Adds Ability to Sub-Sample Data for Data Constrained Scaling Law Experiments #872

Helw150 · 2025-01-30T05:58:20Z

Allows mixture datasets to specify a target budget and a experiment budget. This then computes what percentage of the data to sample overall in order to enable data constrained experiments like the above figure.

…riments

dlwh

what do you think about making a custom asyncdataset that is basically just a slice and leave this logic out of the mixture dataset?

Helw150 · 2025-01-30T17:25:27Z

what do you think about making a custom asyncdataset that is basically just a slice and leave this logic out of the mixture dataset?

With the idea of having it wrap the mixture dataset in the simulation case? Or each of the subdatasets of a mixture would be of this type?

I think the prior makes a lot of sense! I just need to wrap my head around the impl. that would lead to consistent slices of each sub-dataset as well.

The latter seems like it would require more configuration wiring that might not be worth it.

Helw150 · 2025-01-30T18:21:47Z

Looking at it more, I don't know if there's actually a clean way to make it work for the prior.

The latter feels fine as well though and likely has less footguns with respect to the effective dataset size being different than all the different utilities so I'll get that in.

dlwh · 2025-01-30T18:58:43Z

i was thinking the latter yeah. basically just "if subsample: datasets = map(datasets, slice_dataset)" but I guess your point is we don't know how many samples we're going to go through until we're in the mixture dataset

Helw150 · 2025-01-30T21:19:21Z

I've got a rework I'll push after NLP lunch that I feel like is probably cleaner.

dlwh · 2025-01-30T21:41:05Z

actually no i don't understand why isn't it just:

class SimulatedDataRatioDataset:
  async def wait_until_len_at_least(len):
          target_for_len = len * self.ratio_target
          actual = await self.ds.wait_until_len_at_least(int(target_for_len))

          return int(actual * self.ratio_target))

Helw150 · 2025-01-30T23:40:19Z

Ok - how does this look?

The test is probably in the wrong spot though realistically?

Helw150 · 2025-01-30T23:50:00Z

actually no i don't understand why isn't it just:

class SimulatedDataRatioDataset:
  async def wait_until_len_at_least(len):
          target_for_len = len * self.ratio_target
          actual = await self.ds.wait_until_len_at_least(int(target_for_len))

          return int(actual * self.ratio_target))

Just saw this! My one concern with this v.s. what I have in the current one is that it makes more assumptions about the implementation of the underlying get_batch code.

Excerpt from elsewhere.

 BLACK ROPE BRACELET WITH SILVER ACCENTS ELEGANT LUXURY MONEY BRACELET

(edit: for example, you couldn't wrap a mixture in this class right?)

dlwh · 2025-01-31T07:47:03Z

i don't see why not?

Helw150 · 2025-01-31T18:08:24Z

actually no i don't understand why isn't it just:

class SimulatedDataRatioDataset:
  async def wait_until_len_at_least(len):
          target_for_len = len * self.ratio_target
          actual = await self.ds.wait_until_len_at_least(int(target_for_len))

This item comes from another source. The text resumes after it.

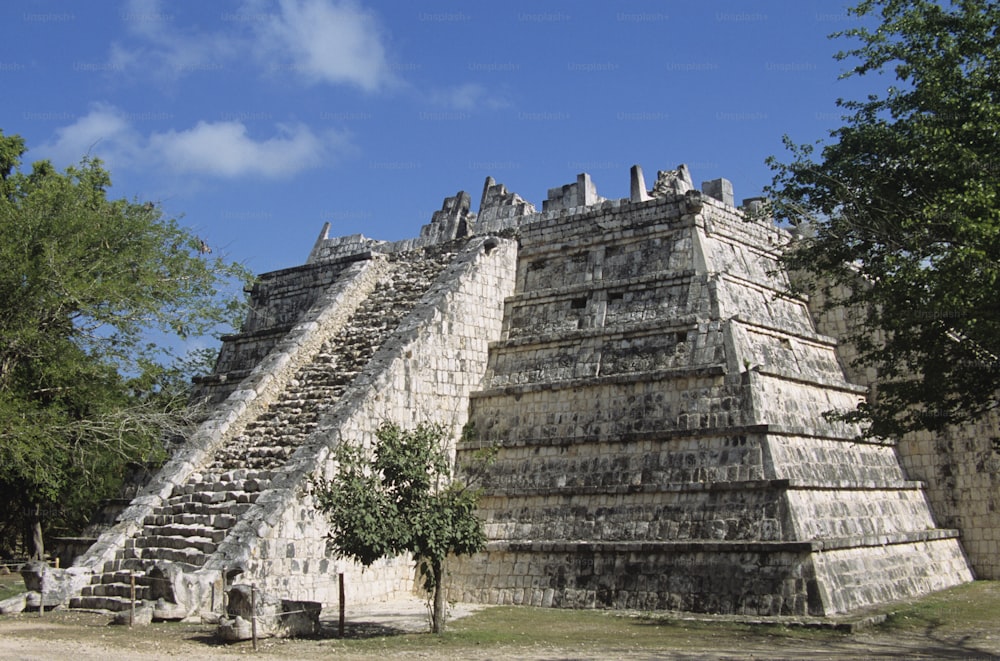 a large stone structure with a tree in front of it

          return int(actual * self.ratio_target))

Maybe I'm missing something, but this assumes the underlying dataset uses get_batch logic which depends on it's own wait_until_len_at_least to determine the dataset is exhausted.

For a mixture dataset, this isn't quite true - it instead uses the wait_until_len_at_least of each of the sub-datasets. Since overriding the parents call doesn't affect these, it wouldn't change the epoching behavior right?

Helw150 · 2025-01-31T18:16:47Z

Oop just saw the slice version I have on my branch isn't pushed here. I think that'll be less mixed concerns than the current PR

Helw150 · 2025-01-31T20:08:30Z

Ok - pushed. I realized I hadn't pushed before since this currently has a pre-commit type failure which I'll fix assuming the core logic makes sense to you!

The core difference between this and your proposal is overriding get_batch rather than overriding the length waiting function.

    async def get_batch(self, indices: Sequence[int]) -> Sequence[T_co]:
        shifted_indices = [(index + self.start_index) for index in indices]
        max_index = max(shifted_indices)

        if self.end_index is not None and max_index > self.end_index:
            raise ValueError("Requested indices beyond the end of the dataset")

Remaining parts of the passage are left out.